Ukraine conflict: Russia's military gambit

Russia invokes the right to protect civilians doctrine, which was used by the U.S. in its post-Soviet Union wars, to a launch special military action in Ukraine and strike against the American “empire of lies”. For President Vladmir Putin, the expansion of NATO to include Ukraine was a “direct threat” to his nation’s security.

Published : Mar 15, 2022 06:00 IST

Ukrainian   service members look for and collect unexploded shells after a fight with Russian raiding group in Kyiv  on February 26.

Ukrainian service members look for and collect unexploded shells after a fight with Russian raiding group in Kyiv on February 26.

AFTER FAILING TO FIND A DIPLOMATIC solution to the impasse with the West on the issue of the expansion of the North Atlantic Treaty Organisation (NATO), Russian President Vladimir Putin announced the start of “a special military operation” in Ukraine in the last week of February. In a television address to his countrymen explaining the deployment of Russian forces in Ukraine, he said the goal was to “demilitarise” Ukraine and that there was no intention to “occupy” that country. Putin tried to differentiate between the Russian invasion of Ukraine and the United States-led war on Yugoslavia in 1999, the invasion of Iraq in 2003 and the military interventions in Libya and Syria in the last decade.

Putin recalled that the Yugoslav war was conducted by NATO right in the heart of Europe without the authorisation of the United Nations Security Council. Putin said the attack on Iraq was the most blatant violation of international law. The West, he said, preferred to forget these events. “I have to recall these facts because some Western colleagues prefer to forget them, and when we mention the event, they prefer to avoid speaking about international law,” he said.

Putin said the Russian military action in Ukraine was a strike against the American “empire of lies”. Moscow had been trying for the past 30 years to come to an agreement with leading NATO countries “regarding the principles of equal and indivisible security in Europe”, he said

The Red Line

Putin said Russia’s proposals were met with “either cynical deception and lies or attempts at pressure and blackmail”. In the meantime, the NATO military machine moved inexorably towards Russia’s border despite repeated protests and concerns from Moscow. Putin said he warned repeatedly that the expansion of NATO was a question of “life and death” for his country. “This is the red line that I was talking about multiple times”, and “they have crossed it”, he said.

Putin said the West took advantage as the Soviet Union grew weaker in the 1980s. “We lost confidence only for one moment, but it was enough to disrupt the balance of forces in the world,” Putin said while announcing the dispatch of Russian troops to Ukraine.

The President recalled that another attempt was made in December 2021 to reach an agreement with the West on the principles of European security and NATO’s non-expansion.

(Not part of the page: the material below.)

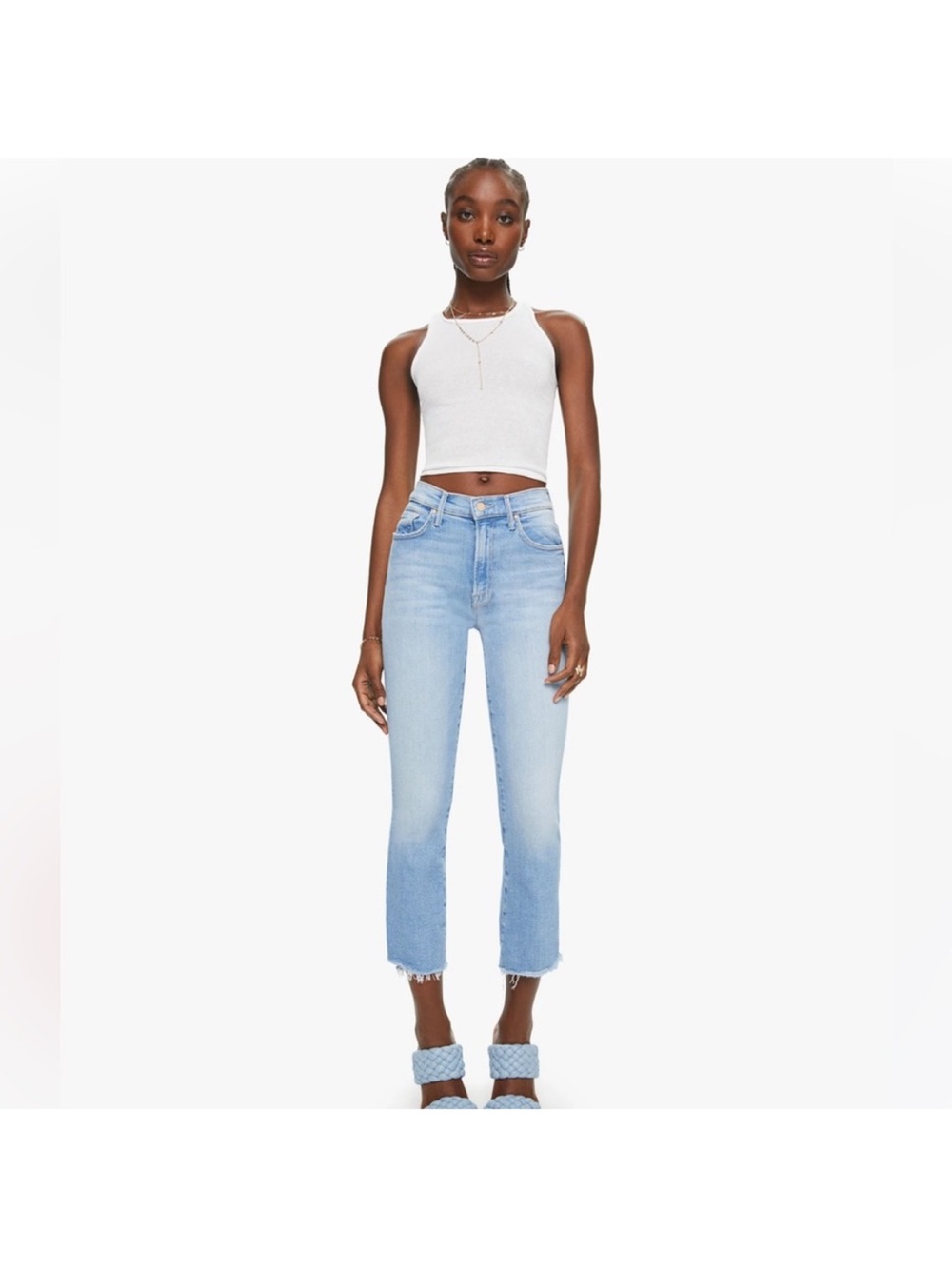 MOTHER Light Wash Cropped Ankle Jeans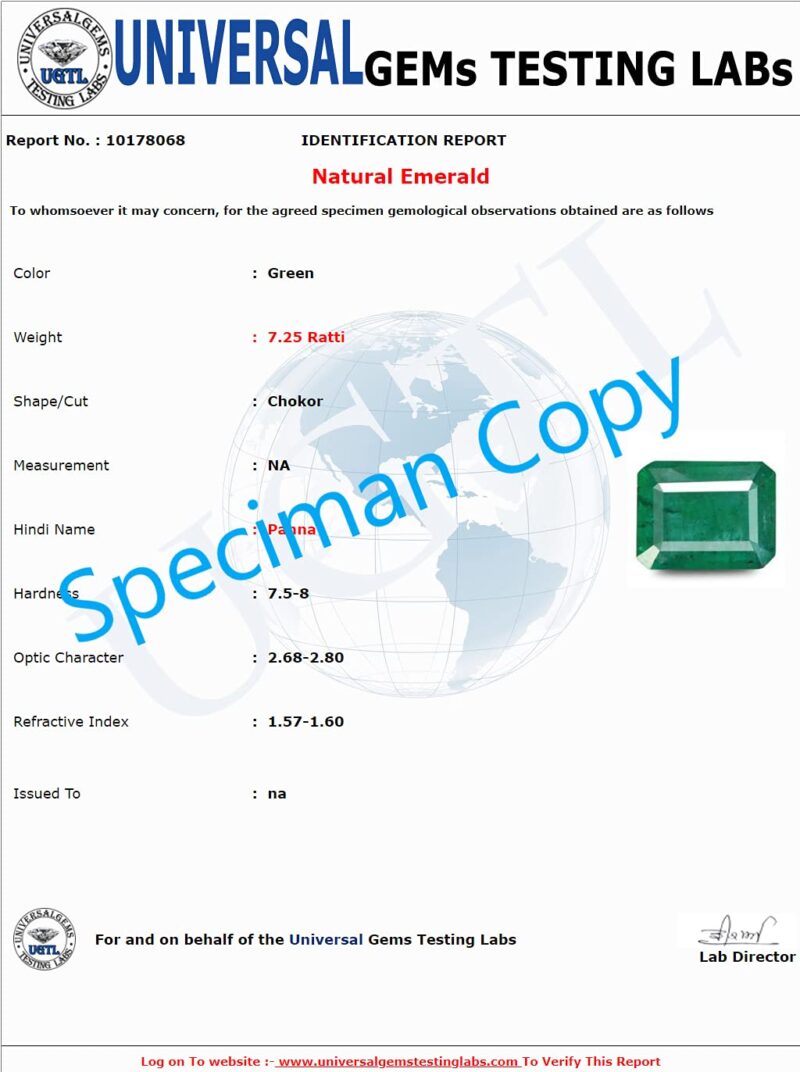 RSPR 9.25 Ratti 8.75 Carat Zambian Emerald Panna Stone Certified Natural Gemstone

He said those last-ditch attempts were in vain. The NATO alliance led by the U.S. had taken the sanctimonious position that every country has the right to choose its own military partners. Washington has been jealously guarding its sphere of influence for more than two centuries now. The previous U.S. administration even talked about reviving the infamous “Monroe Doctrine”, which defined the entire American continent as being within Washington’s zone of influence.

Also read: How the Ukraine-Russia crisis reached a tipping point

Putin warned Russia’s enemies that if they interfered in Ukraine the response from Moscow would be immediate “and will lead you to such consequences that you have not experienced before”.

In his speech, Putin accused leading NATO countries of extending support to ultranationalist and neo-Nazi groups in Ukraine following the Western-supported regime change in 2014. A day before the military intervention, Russia formally recognised the autonomous regions of Donetsk and Lugansk, which were formed in the industrial Donbas region of eastern Ukraine in May 2014. Putin said another important reason for the military action was the request for assistance from the leaders of the two republics. They had sought autonomy from Kyiv after the constitutional coup of 2014 led to the overthrow of the Viktor Yanukovych government.

Yanukovych had wanted Ukraine to remain neutral and not join either the European Union (E.U.) or NATO. After his ouster, the Russian-speaking people of Donbas rose in revolt against the new government.

R2P Doctrine

Russia invoked the R2P (right to protect civilians) doctrine, which the U.S. frequently uses as a pretext to intervene in other countries militarily, while sending its forces to Ukraine. It is a fact that the Russian-speaking minority in the region was under constant attack from Ukrainian nationalist forces in the past eight years. During the period, Ukrainian forces, armed and trained by NATO, became stronger than the forces in Donetsk and Lugansk.

While announcing the recognition of the Donetsk People’s Republic and the Lugansk People’s Republic, Putin said that Ukraine was not only a neighbour but “an inherent part of our history, culture and spiritual space”. The President pointed out that modern Ukraine was “completely created” by Russia after the Communists took power and created the Union of Soviet Socialist Republics (USSR) and recalled that in 1954 the Soviet leadership had removed Crimea from Russian jurisdiction and ceded it to the Soviet republic of Ukraine.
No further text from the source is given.